The Case of the Electric Projecting Killing Machine

Drawing of Electric Projecting Killing Machine

In May, 1939, while the Japanese military controlled the Chinese parts of the city, an “urgent report” was sent to the Louza Police Station (Laozha 老閘) in the International Settlement: “An appeal for your searching investigation of ‘Electric Projecting Killing Machine’”.

Supposed location of the said machine: It is said that in your Foreign Staff quarters of your Police Station. And it is further stated that the location of the said machine lies in the upper story east and north corner of the foreign staff square. Moreover it is heard that there are voices of more than eight or nine Chinese men and boy heard there. The voices of the men & boy are to be heard both day & night. That machine follow me estimate more than thirty years owing it can state my youthold story, the holder are all of your room boys I believe.
That machine is said to be a rarity in Shanghai, the projecting power is very strong, though there is no light or shade visible. It can kill any body’s life as soon as the projecting power gets in touch with him or her wherever one is on the boat or sleeping indoors or going outdoors no matter how far the distance is. To sum up it has the following killing powers:
It can get into human body and destroy the organs.
It can make every body abnormal and kill one
It can make his or her strains in their body feel inclined to drown in the water for death.
It can transmit words through another man’s mouth in order to disturb speaking of others.
It can make one’s intelligence fly away and become a stupid and no-minded person of usefulness.
It can make film picture at a long distance and project its harmful power into human body in order to cripple one’s mind and actions.
It can projecting the noise and voice to long distance
It is said that the machine can make one walk and feel nothing particular after he or she has not taken anything or slept or drunk etc. for more than a week or few days. It can in other hand, however, still one immediately without allowing anybody to help or save him…
…My third daughter has died of the effect of the machine…my fourth daughter is nearly suffered to death on account of the effect of the machine. Most of my family members have more or less received harmful effects of the said machine…
…As it is the duty of your police to maintain peace and safety of the community, so I firmly request you to investigate and search carefully the machine in the foreign staff quarters…as the machine is concealed and carefully hidden there…
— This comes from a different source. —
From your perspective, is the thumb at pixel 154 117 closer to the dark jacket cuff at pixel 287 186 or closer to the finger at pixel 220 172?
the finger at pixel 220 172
The report came from a Chinese man, a Mr. Sung/Seng/Sun (孫) living in a refugee camp dormitory attached to the Yufo temple (玉佛寺 Jade Buddha Temple) on Penang Road (now Anyuan lu 安远路) and is preserved in a 45 page Shanghai Municipal Police file. This file contains over twenty more similar letters, in the same neat handwriting or typed with its distinctive mix of alternating eloquent and awkward English phrasing. All were sent to the Louza station between 1939 and February, 1941, with the same urgent request for the police to investigate a dangerous hidden “Electric Projecting Killing Machine” believed to be located in the station’s grounds.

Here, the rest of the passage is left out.